SculptBot: Pre-Trained Models for 3D Deformable Object Manipulation

Alison Bartsch¹ Charlotte Avra¹ Amir Barati Farimani¹

¹Carnegie Mellon University Mechanical Engineering

[Paper]

Abstract

Deformable object manipulation presents a unique set of challenges in robotic manipulation by exhibiting high degrees of freedom and severe self-occlusion. State representation for materials that exhibit plastic behavior, like modeling clay or bread dough, is also difficult because they permanently deform under stress and are constantly changing shape. In this work, we investigate each of these challenges using the task of robotic sculpting with a parallel gripper. We propose a system that uses point clouds as the state representation and leverages pre-trained point cloud reconstruction Transformer to learn a latent dynamics model to predict material deformations given a grasp action. We design a novel action sampling algorithm that reasons about geometrical differences between point clouds to further improve the efficiency of model-based planners. All data and experiments are conducted entirely in the real world. Our experiments show the proposed system is able to successfully capture the dynamics of clay, and is able to create a variety of simple shapes.

X Edited.mp4

Target Shape: X

Cylinder Edited.mp4

Target Shape: Cylinder

Square Edited.mp4

Target Shape: Square

Line Edited.mp4

Target Shape: Line

Dynamics Prediction Pipeline

The entire dynamics prediction pipeline. We first use farthest point sampling and k-nearest neighbors to cluster the original point cloud into 64 clusters. These 64 clusters become a much smaller and sparser point cloud. We then use the pre-trained dVAE from Point-BERT to tokenize each cluster. The centroid point cloud is passed through a simple physics-based dynamics approximator to predict the next state centroid point cloud given the grasp action.  This predicted next state centroid point cloud is passed to the point token predictor dynamics model along with the state centroid tokenization and the grasp action. The point token predictor predicts the tokens for each next state centroid, which represent the geometrical structure of the points within that region of the cloud. These predicted tokens along with the predicted centroid point cloud are then passed through the dVAE decoder to reconstruct the full dense predicted next state point cloud.

Vision Processing

The full preprocessing pipeline for the point clouds. a) The original point cloud of the scene. b) the scene after position-based cropping to eliminate the elevated stage. c) The point cloud after color-based thresholding. d) The point cloud after removing statistical outliers and adding in a base plane. e) The point cloud downsampled to 2048 points.

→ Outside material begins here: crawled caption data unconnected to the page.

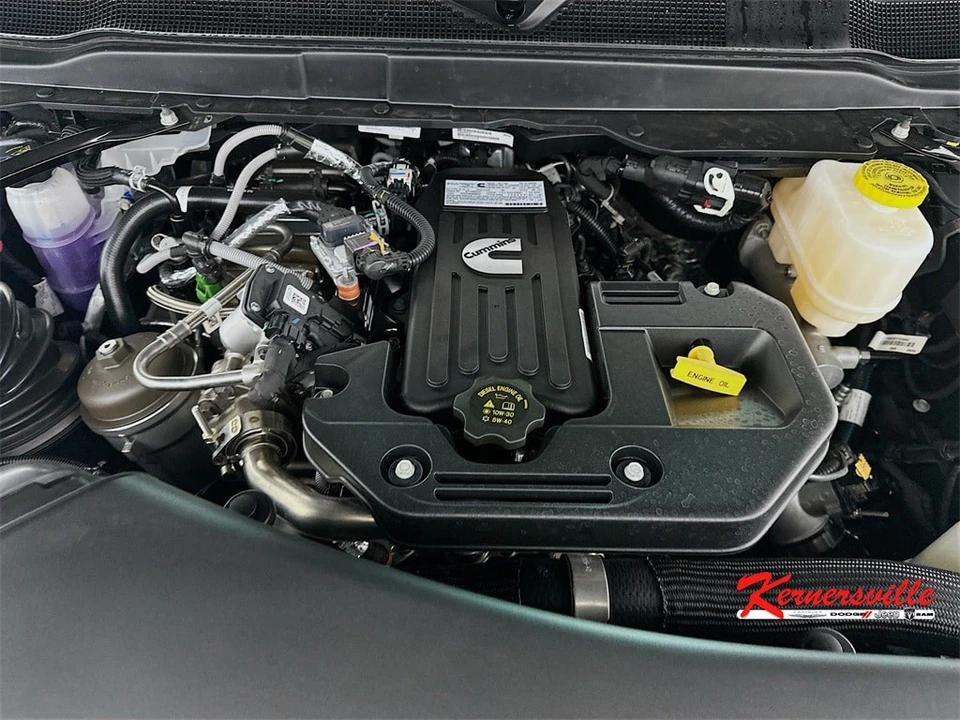 2026 Ram 4500 & 5500 - Image 17 of 20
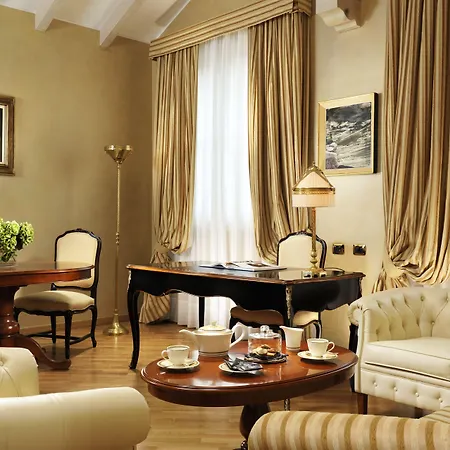 Hotel Castello Dal Pozzo
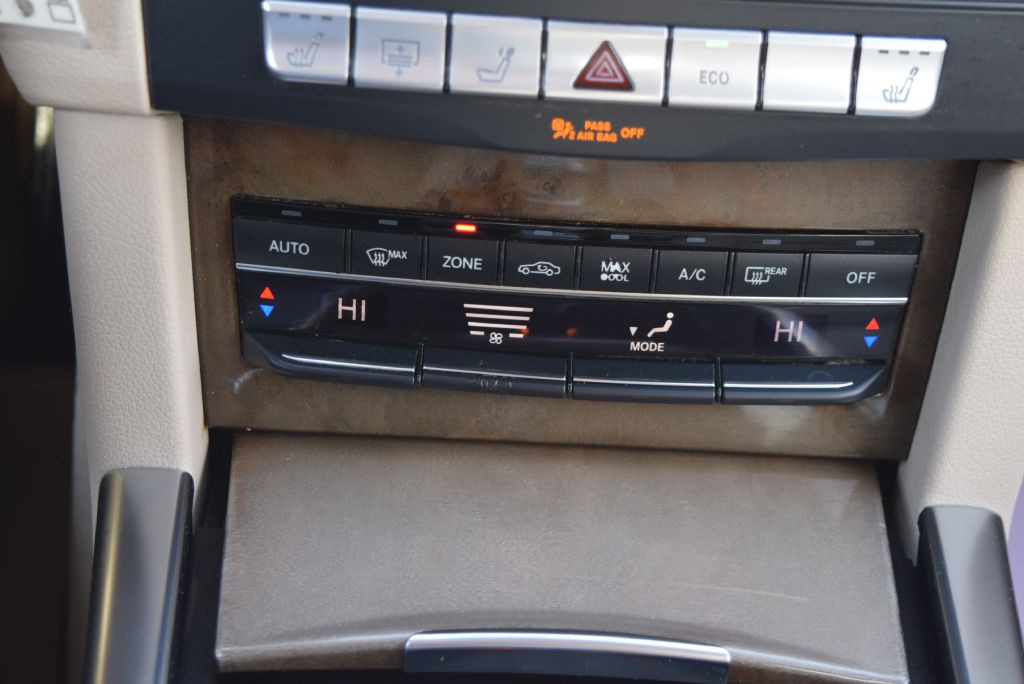 2014 Mercedes-Benz E-Class Image 35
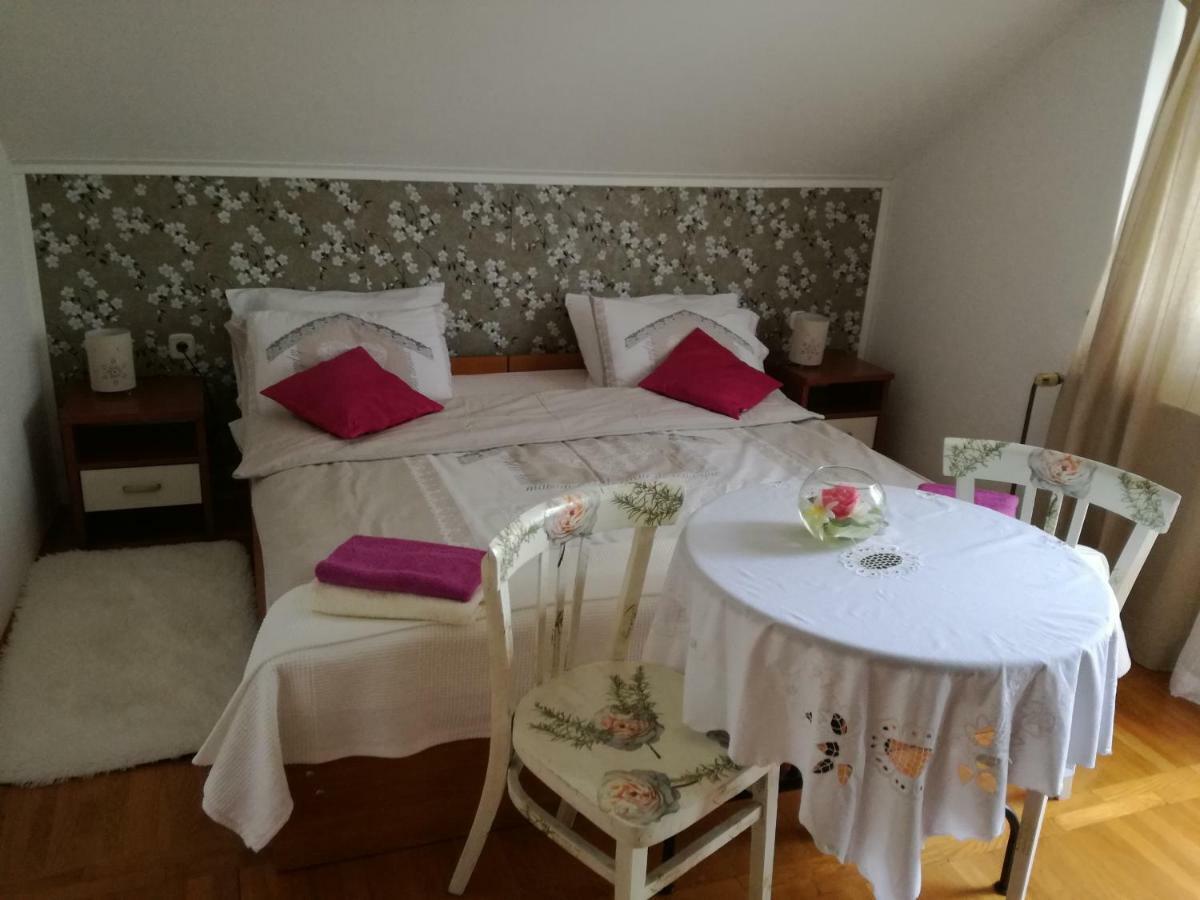 Apartman Jasmin Apartment Catrnja Luaran gambar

Point-BERT Pre-Trained Model

The dVAE from Point-BERT provides quality reconstruction of the real-world clay point clouds without requiring any finetuning on our dataset. This allows us to train a latent dynamics model predicting the material deformation in the Point-BERT embedding space.

Model Next State Predictions

A visualization of some next state predictions on the test set by the latent dynamics model trained on the human demonstration dataset. It is clear the model is able to capture and predict the large geometric changes caused by various grasp actions. However, some of the details may not be captured, likely due to the shape reconstruction, as the quality appears similar to some of the detail lost during reconstruction. This loss is a side effect of leveraging the pre-trained model from Point-BERT, and is not sufficient to justify training our own point cloud encoder, as it would require substantially more data.

Sculpting Results

The shapes a human was able to create when guiding the robot and its parallel gripper (Left) compared to the shapes the human demonstration trained dynamics model combined with MPC and geometric sampling was able to create (Right). Visually, it is clear that our system is not able to perform better than human oracle, but based on the reconstruction metrics, it is able to successfully recreate the key structural aspects of the shapes.